Activity: Copy the data exactly; pictures stay out of the copy.

Exercise inputs:

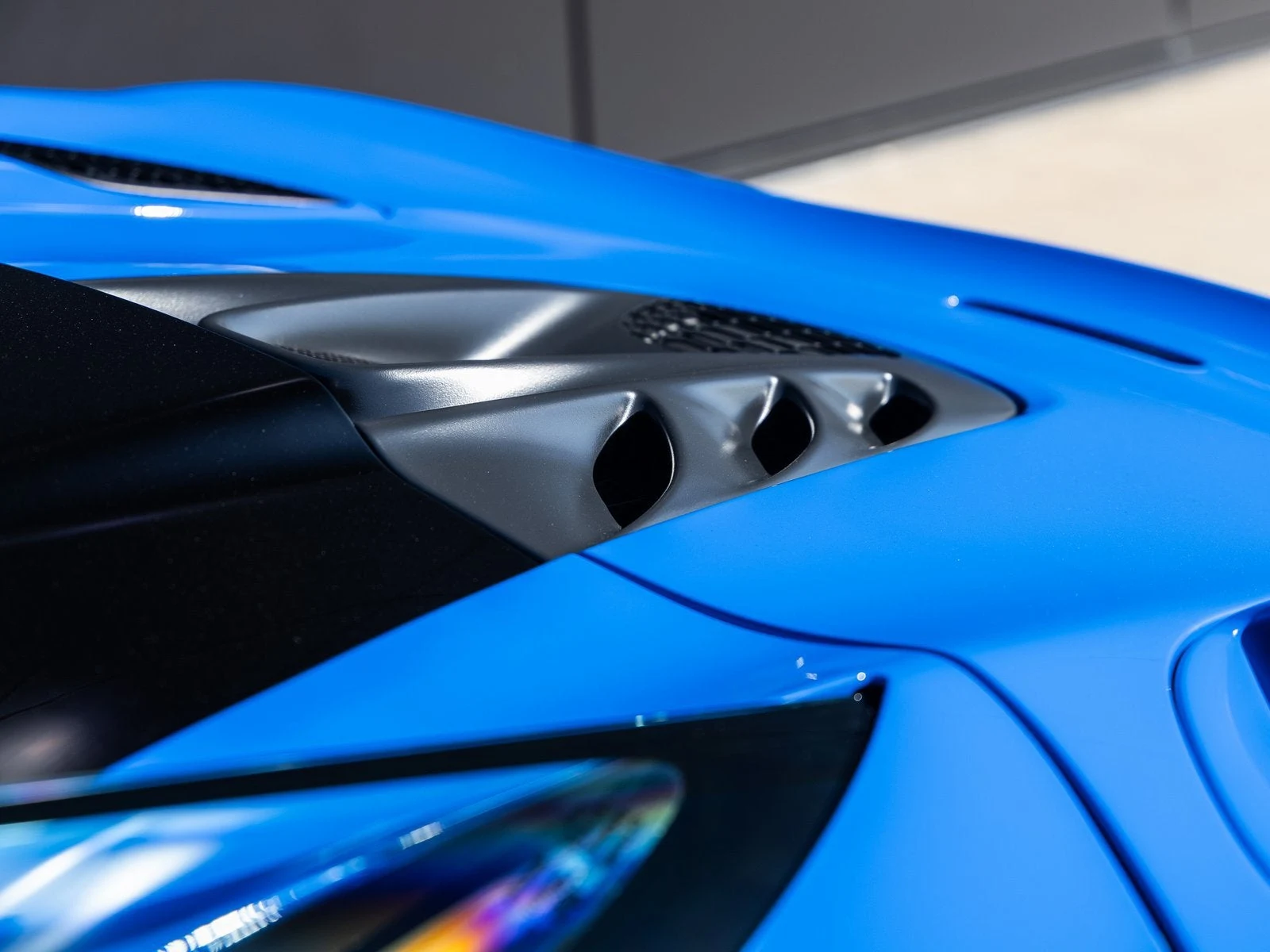 2026 McLaren Artura Spider Vision, 20/20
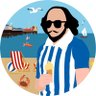 TheBrightonBard profil fotoğrafı
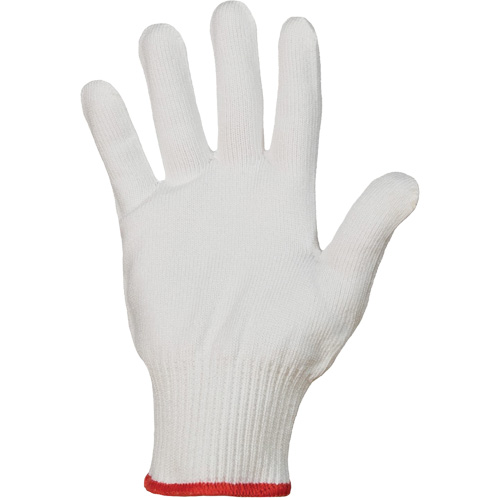 Doublure de gant d'hiver Sure Knit S13CPWH, Calibre 13, T-Grand Cantin et fils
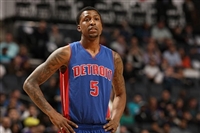 Kentavious Caldwell-Pope Longsleeve T-shirt #3380670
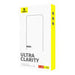 Tempered Glass Baseus Screen Protector Diamond for Samsung A03S - For smartphones<<<Tempered glass and screen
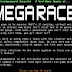 MegaRace, de un juego revolucionario en FMV a programado en BASIC con gráficos ASCII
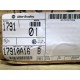 Allen Bradley 1791-0A16 Output Module 1791-OA16 Series B-Rev. A01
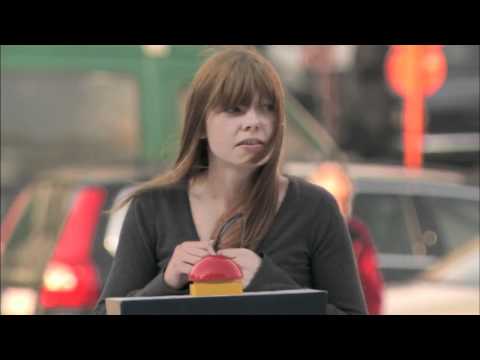 The Red Button - Funny Animation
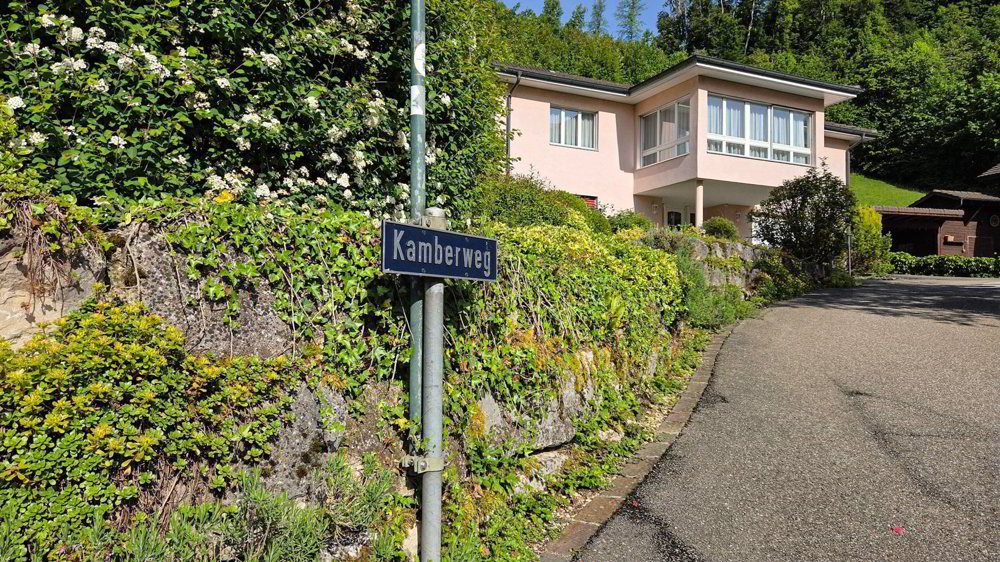 Bauland mit unverbaubarer Weitsicht in Rümlingen (2’024 m²) - Ansicht 3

Solution for this exercise:
 2026 McLaren Artura Spider Vision, 20/20
 TheBrightonBard profil fotoğrafı
 Doublure de gant d'hiver Sure Knit S13CPWH, Calibre 13, T-Grand Cantin et fils
 Kentavious Caldwell-Pope Longsleeve T-shirt #3380670
 Tempered Glass Baseus Screen Protector Diamond for Samsung A03S - For smartphones<<<Tempered glass and screen
 MegaRace, de un juego revolucionario en FMV a programado en BASIC con gráficos ASCII
 Allen Bradley 1791-0A16 Output Module 1791-OA16 Series B-Rev. A01
 The Red Button - Funny Animation
 Bauland mit unverbaubarer Weitsicht in Rümlingen (2’024 m²) - Ansicht 3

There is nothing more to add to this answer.